Using expensive wood or spending time doing things nobody will see will lower your throughout and raise your costs unnecessarily for the customer.
Even a master carpenter has finite time and money. Every morcel of time spent doing things nobody can see is time not spent doing other things with more visibility. The masters are still competing with other masters in a globally competitive market.
So Job’s fictional carpenter would get outcompeted by the hypothetical free market where carpenters of equal skill are producing more at lower cost.
Apple, during the Jobs days anyway, produced luxury goods for a luxury price. Given the market they were addressing, Job's comments make complete sense.
I think the point of the story is that Jobs's carpenter is not even trying to compete with Walmart trash products. He is deliberately avoiding the market that is sensitive to higher costs.
The truth is way more nuanced than “the master carpenter would get outcompeted.”
This hypothetical carpenter would be competing with other carpenters at the same skill level.
Making furniture with features that no one can see except the carpenter is a disadvantage compared to the same carpenter who focuses their time making more their furniture more visually appealing to their customers.

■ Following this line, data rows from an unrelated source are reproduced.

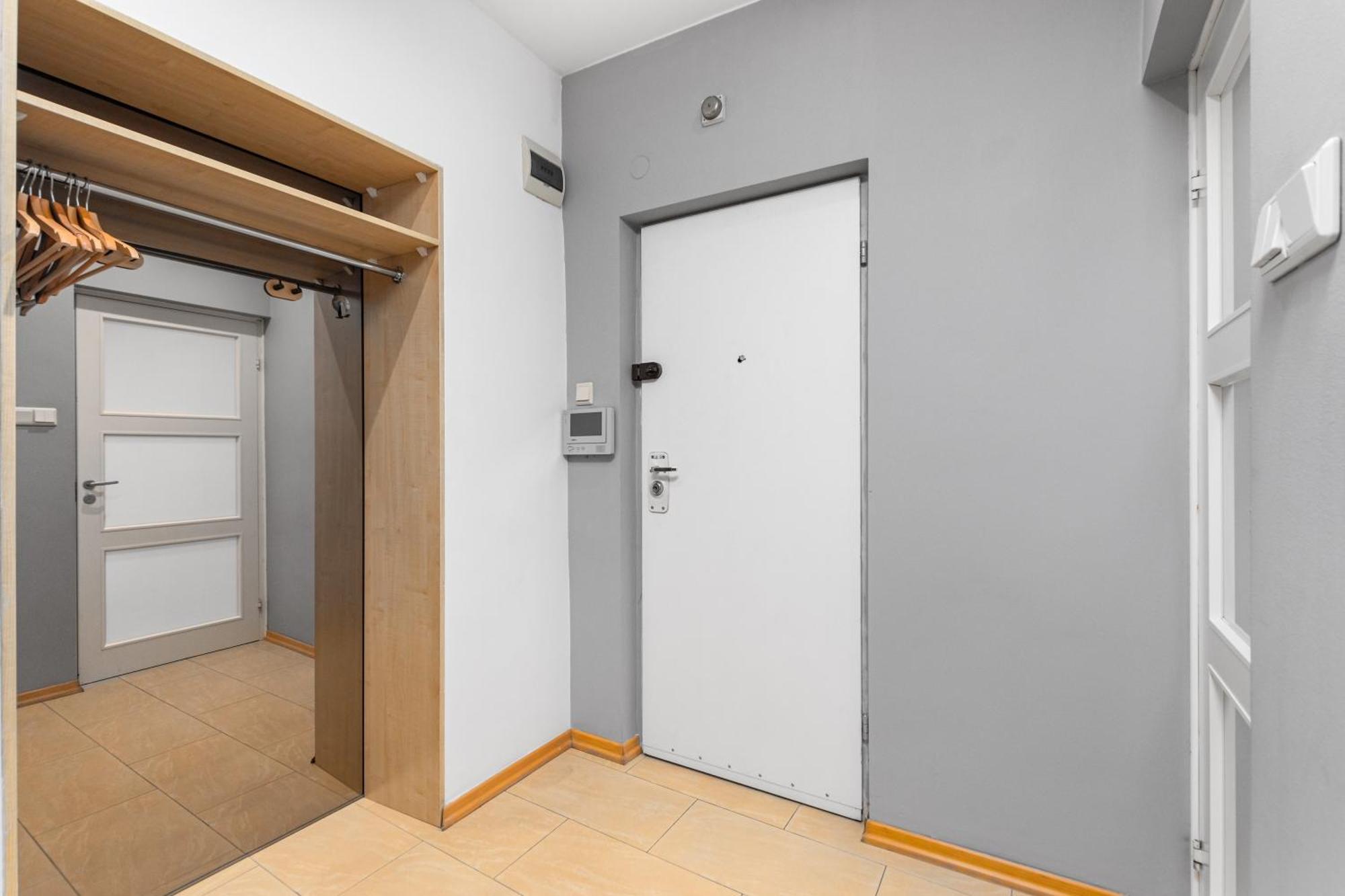 Apartament Wspolna By Your Freedom 华沙 外观 照片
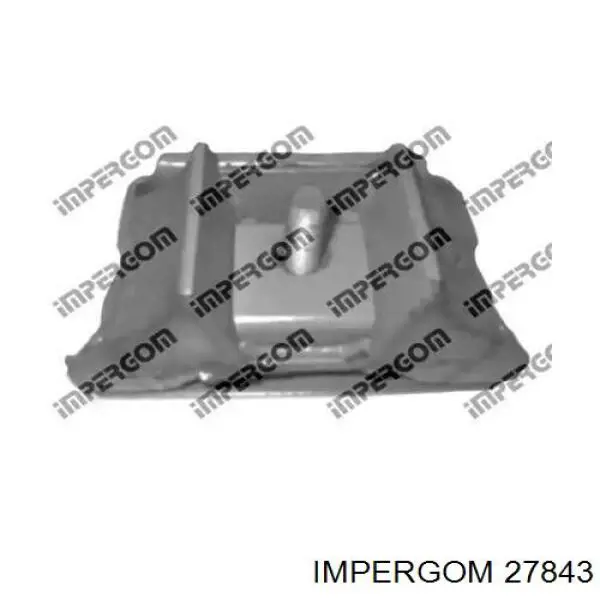 27843 Impergom подушка (опора двигателя правая)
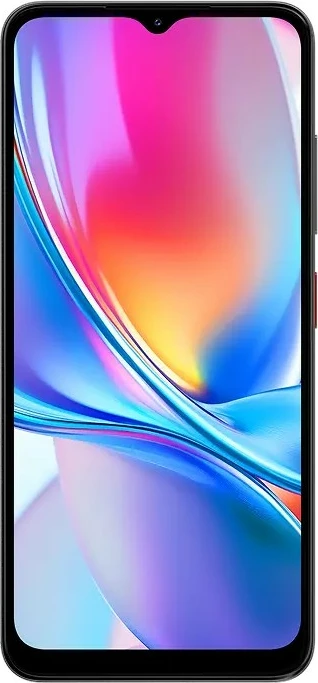 Celular ZTE Blade A35e silvery gray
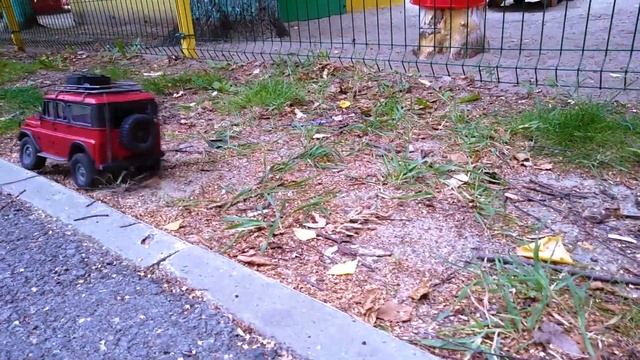 Самодельный уаз из пвх пластика смотреть онлайн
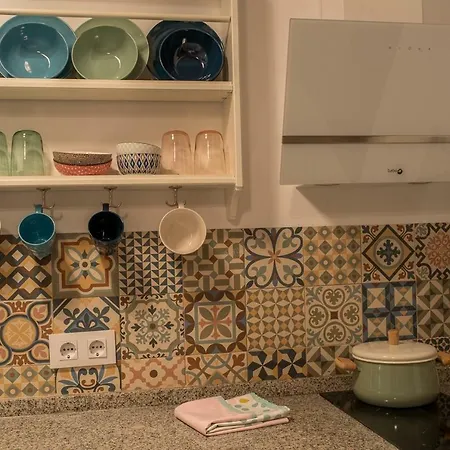 Triana Boho Chic Wifi Apartment Seville Exterior photo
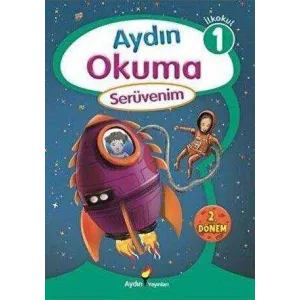 Aydın Yayınları 1. Sınıf 2. Dönem Okuma Serüvenim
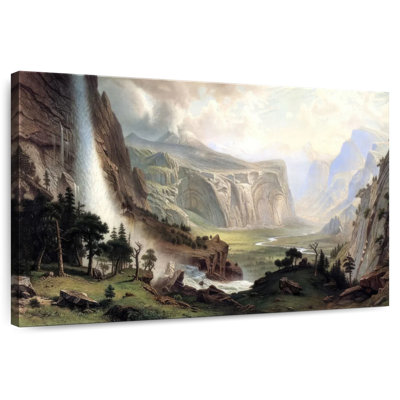 Alvord les dômes du Yosemite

Everyone seems to forget that Apple was nearly bankrupt in the 90s because no one was willing to pay so much for their product when Microsoft did it cheaper and similar quality (from the users perspective).
If you believe the race to the bottom prevents you from doing great work, then you will not do great work.
Spending all your time polishing details that nobody cares about is not doing great work, it is wasting time. Time that could have been spent experimenting on new techniques, trying new ideas, taking on new projects.
Maybe someone should have explained to Jobs how to compete in the marketplace. Another approach is to try to understand why Jobs said those things given the obvious economic costs that you mention, and how it led to the most valuable company in the history of the world.
Sure. It's a rather tiny market that can't support a lot of furniture makers. But it can support at least a couple, and I'll bet you that those ones aren't going cheap on materials.
> Everyone seems to forget that Apple was nearly bankrupt in the 90s
I certainly haven't forgotten, but that's orthogonal to my point. My point is that in many industries, there are high-quality, very expensive versions of the products. One of the things that makes them high quality and expensive is that they don't cut corners. In electronics, I've seen the same effect, where extra care and expense was placed into things that technically don't need it and are unlikely to ever be seen by the customer. That extra care and expense matters to that demographic, though.
While Apple is certainly not on the same level as that, the point is true craftsmanship and meticulous attention to detail does still exist in consumer goods, and can be handsomely profitable.
I guess the metaphor applies here too. Some will take that pride and rise up. Some will take that pride and fall behind despite being equally qualified as the ones who rose. Others will coast along and make stable business.
I think where the metaphor breaks down is visibility. Sure, that cheap plywood isn't normally visible, but a customer who looks will find it. very few iphone consumers have the skills to find bad code and fewer care as long as it does what it is intended. It's probably more akin to selling hot dogs than selling a chair.
this mindset seems to be the exact ones that coporate companies sinking in tech debt has. The absurd extreme of this is that carpentry is a waste of time when you could be making more money as a doctor.
Fact is you don't need to be 100% optimal on time and resources and you don't need infinite money to live. I'm sure carpenters work on thin margins but a few pieces of plywood won't bankrupt them and leave theif families on the streets.
If someone sacrifices a little time and money for personal satisfaction and pride, that's fine. If they want to maximize profits that's also fine (as long as they aren't abusing their labor to do so). C'est la vie.